Your question is not particularly clear. Please explain the problem scope more specifically. A binary tree has only one item in each node. A B+ tree can have multiple items in each index node. So, if you want 5 strings/items in each node, you need to implement a B+ or AVL tree. Read Knuth Volume 3, "Sorting and Searching" for good algorithms on doing this. FWIW, Knuth is the "bible" of software engineering.
well this is my classess
Like this?
class binarySearchTree
{
public:
binarySearchTree();
void treeInsert(treeNode *&root, string newItem, string oldItem, string ollItem, string neeItem, string hapItem);binarySearchTree::binarySearchTree() :root(NULL)
{
}
void binarySearchTree::treeInsert(treeNode *&root, string newItem, string oldItem, string ollItem, string neeItem, string hapItem)
{
if(root == NULL)
{
root = new treeNode(newItem), (oldItem), (ollItem), (neeItem), (hapItem);
return;
}
else if (newItem, oldItem, ollItem, neeItem, hapItem < root->data)
{
treeInsert(root->left, newItem, oldItem, ollItem, neeItem, hapItem);
}
else
{
treeInsert(root->right, newItem, oldItem, ollItem, neeItem, hapItem);
}
}//end treeInsert"Like this?" - Not really... "This" is pretty crufty. A pointer to a reference in tht treeInsert() method? Come on. Where did you learn C++? I think that it is time that you spend a few $$ and some time with Lord Knuth, Volume 3, Sorting and Searching...

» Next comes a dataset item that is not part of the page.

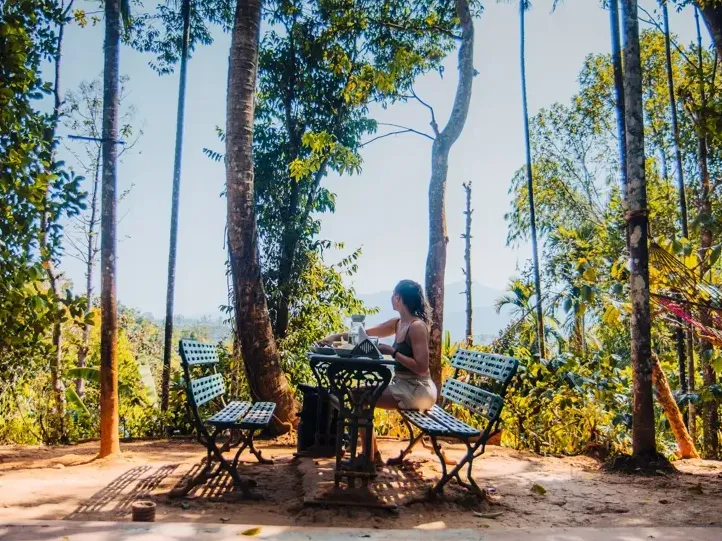 A guest pausing with a book among tall trees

"Like this?" - Not really... "This" is pretty crufty. A pointer to a reference in tht treeInsert() method? Come on. Where did you learn C++? I think that it is time that you spend a few $$ and some time with Lord Knuth, Volume 3, Sorting and Searching...
thanks you have been a great mentor or "help"

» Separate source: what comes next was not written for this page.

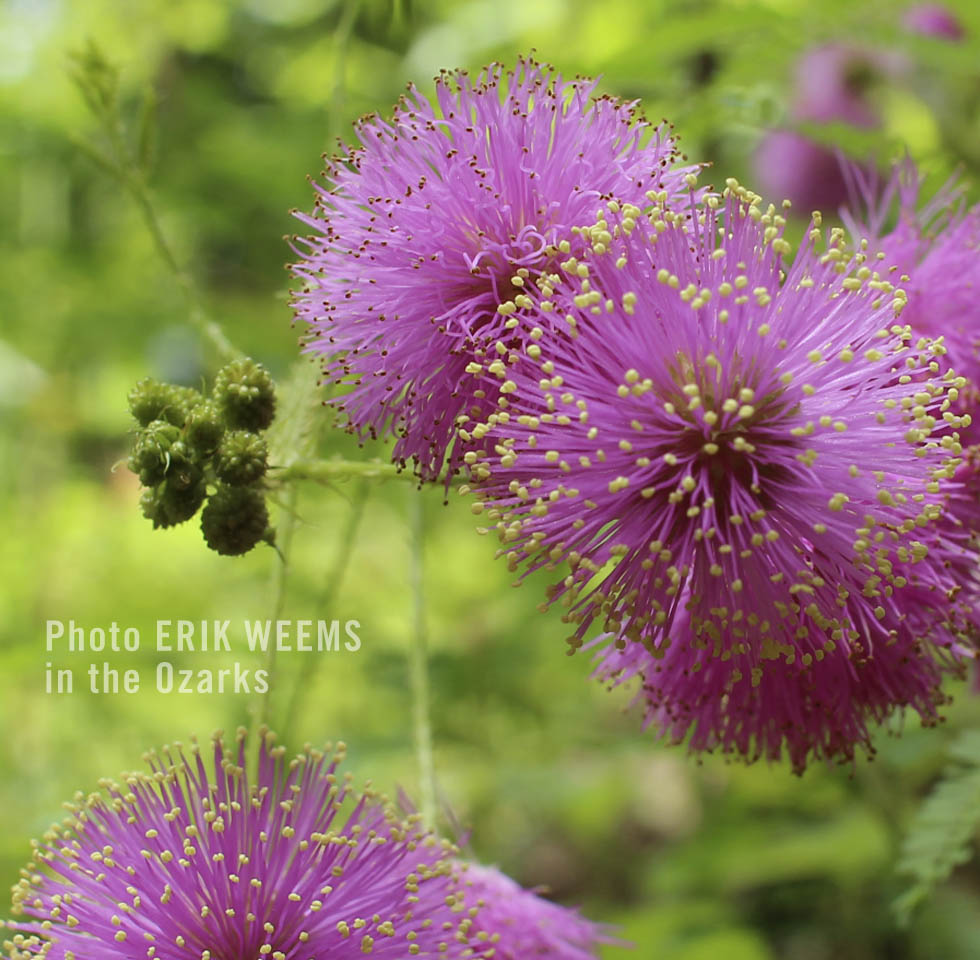 Wild purple plant Ozarks Arkansas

thanks you have been a great mentor or "help"
Sorry, but sometimes I get a bit sarcastic... :-) In any case, just remember the KISS principle. There are a lot of binary tree types. Some allow only one member element per node (a proper binary tree), some that allow more than one member element per node (B+ tree - common in database systems for indexes), and then there are the insert/delete/balance algorithms. This is a complex and complicated domain which is why I referred you to Knuth, who covers all of this in Volume 3 of his seminal work "The Art of Computer Programming".

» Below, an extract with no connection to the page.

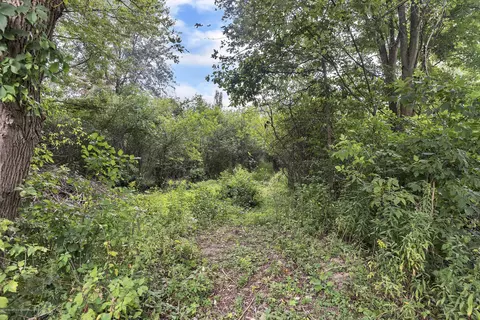 2247 N Eifert Rd, Holt, MI 48842 photo 36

My opinion is that EVERY computer programmer should have a copy of this set on their book shelf. Also, he recently released volume 4, after about 30 years... I still have to get that one, or a complete copy of the current set. It will only set me back about $172USD on Amazon.com today... :-)
So, I just went on to Amazon.com and ordered the complete 5 volume set of volume 4 - only set me back about $80USD... :-)
im glad your sarcastic most of the times because so am i:)
im asking for help on a forum to get a faster reply then the duration of a book to get posted to my house..in programming you think logically .. am i right
Creating a B+ or AVL tree program is not trivial. Having documentation (book or online form) available is most helpful. Here is the Wikipedia link for AVL trees: http://en.wikipedia.org/wiki/AVL_tree
Note that there is a link to a C++ implementation of the algorithm at the bottom of the article.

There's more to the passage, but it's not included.